La conférence contre les violences faites à la jeunesse (@ponabana)

 

 

Les violences ne sont pas que physiques

 

Quand on évoque le mot “violence”, les gens font directement référence au viol ou aux violences physiques.

Je sais que ce sont des formes de violence. Mais j’aimerais qu’on sache qu’elles ne sont pas les seules. Il y a des violences qui peuvent aller bien au-delà du corps. J’aimerais qu’on parle de ces violences psychologiques qu’on ignore assez souvent. En fait, je trouve qu’on y accorde moins d’importance. Briser les rêves d’un enfant est une forme de violence. Obliger la fille à vivre avec un homme qu’elle n’a pas choisi est une violence psychologique. Mais on n’en parle pas assez. Il n’y a pas des coups et des blessures visibles. Mais les blessures intérieures laissent des cicatrices autant que les blessures extérieures.

Le pire dans tout ça, c’est de savoir que les enfants subissent la violence sans savoir que cela en est une. Et à cause du poids de la société, ils normalisent la violence. Les enfants victimes de ces violences n’osent même pas en parler.

 

Aujourd’hui, une fille sur cinq, soit 16 % de filles sont exposées au mariage précoce, donc au viol et voient leurs rêves ainsi que leurs vies anéanties. Dans un groupe d’amis de 5 enfants, l’une va voir sa vie changer du jour au lendemain. Une qui ne pourra plus jouer avec les autres, qui ne pourra plus aller à l’école, une qui aura perdu son innocence d’enfant parce que c’est une fille.

En vivant en RDC, la question que je me pose est : est-ce qu’on peut grandir loin de la violence ? Ma question reste sans réponse.

Lorsqu’on parle de la « RDC, capitale mondiale du viol », j’ai l’impression qu’on fait plus allusion à l’Est du pays où les jeunes filles sont victimes d’atrocités et des violences sexuelles. J’aimerais qu’on se rende aussi compte que ce n’est pas qu’à l’Est où les enfants sont victimes de viols. Certains enfants deviennent parfois victimes des gens en qui ils ont confiance dans des espaces où sont censés se sentir en sécurité. Pour parler des violences sexuelles, il n’y a pas que des enfants dans l’Est du pays. Il y a des enfants qui sont victimes des viols dans certaines maisons, écoles, etc.
C’est aussi important d’en parler pour changer les choses.

 

 

A la conférence nationale contre les violences (ponabana)

 

Le gouvernement prend des mesures contre les violences faites à la jeune fille

 

 

Lors de la Conférence nationale contre les violences contre la jeune fille, j’ai appris des différents représentants du gouvernement présents dans la salle, que le gouvernement mène des actions pour lutter contre les différentes violences faites à la jeune fille.
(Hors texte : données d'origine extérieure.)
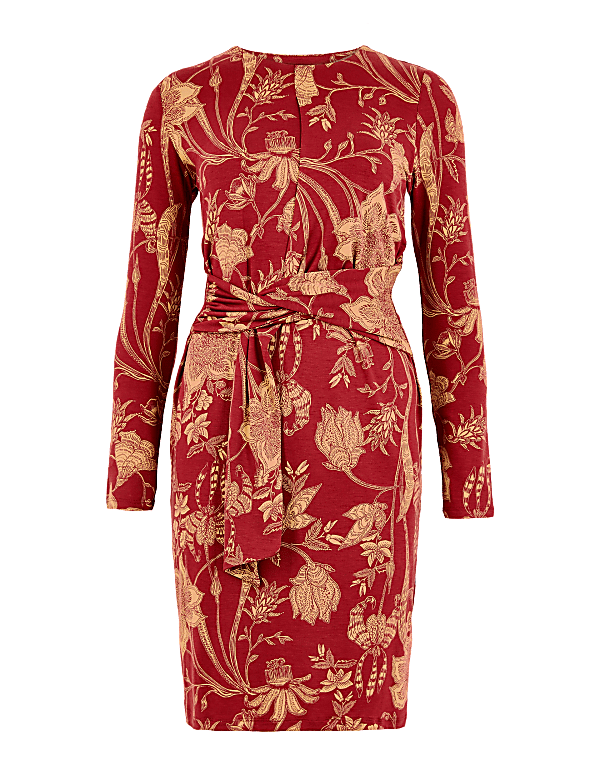 Jersey Floral Tie Waist Bodycon Dress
En fait, le gouvernement congolais a mis en place une stratégie basée sur 3 axes : la prévention, la protection et l’accès à la justice pour les victimes de violences. Et une sensibilisation de la population sur la violence. C’est l’un des fondements de l’élimination des violences.

Aujourd’hui, l’État congolais a mis en place l’éducation à la citoyenneté pour enseigner aux jeunes le respect de l’autre et la non-violence.
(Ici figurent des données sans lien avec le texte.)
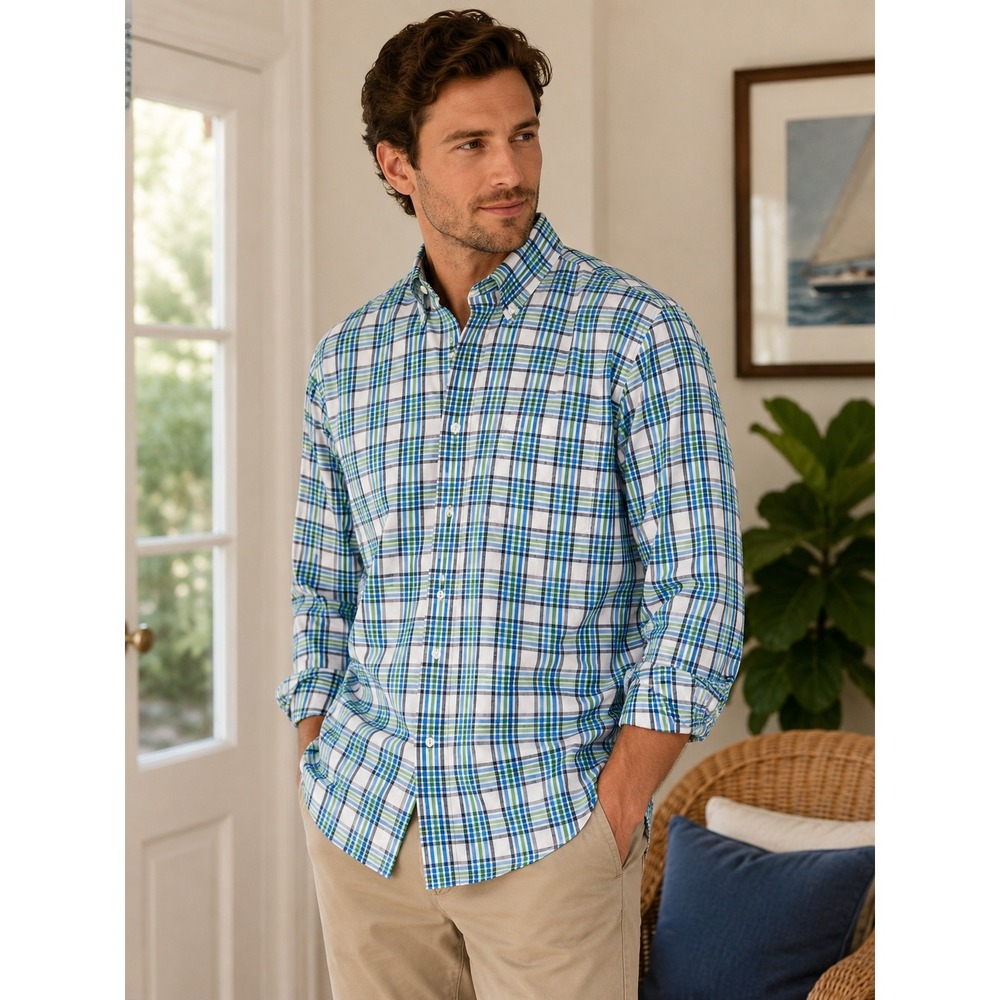 Alan Flusser Blue Green‎ Plaid Cotton Button Down Shirt Large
Pour moi, l’engagement des leaders politiques prouve leur volonté à pallier cette situation, leur volonté à changer les choses et à vouloir un Congo meilleur.

 

Nous devons tous participer au changement

Après différents ateliers organisés lors de la Conférence nationale, les participants ont formulé quelques propositions pour éliminer la violence en RDC. En fait, c’est une question qui concerne tout le monde. Chacun à son niveau peut s’engager à lutter contre la violence faite aux enfants.

Cette journée a été, une journée, très instructive pour moi. Elle m’a permis d’avoir une vision différente des choses et de renouveler mon engagement pour les enfants de la RDC. En apprendre plus sur les violences contre les enfants, a été une nouvelle force, un nouveau départ pour m’engager encore plus pour défendre les droits de l’enfant.
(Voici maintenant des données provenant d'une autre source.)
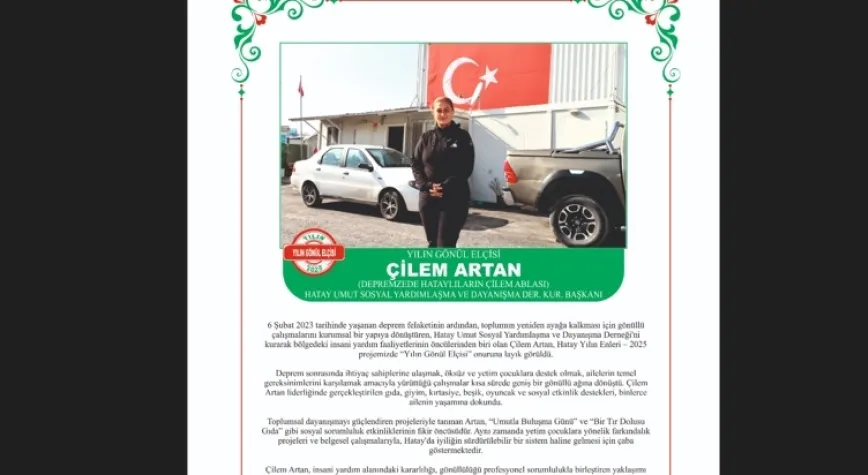 Depremzedelerin Ablası Çilem Artan’a Yılın Gönül Elçisi Ödülü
Pour moi, les gens devraient garder à l’esprit que la violence constitue un frein dans le développement d’une personne. Elle rend dépressif et anxieux, détruisant aussi la capacité de reconstruction d’une personne.

Je rêve d’un Congo sans des cœurs et des rêves brisés. Je rêve d’un Congo paisible et sécure pour chaque enfant.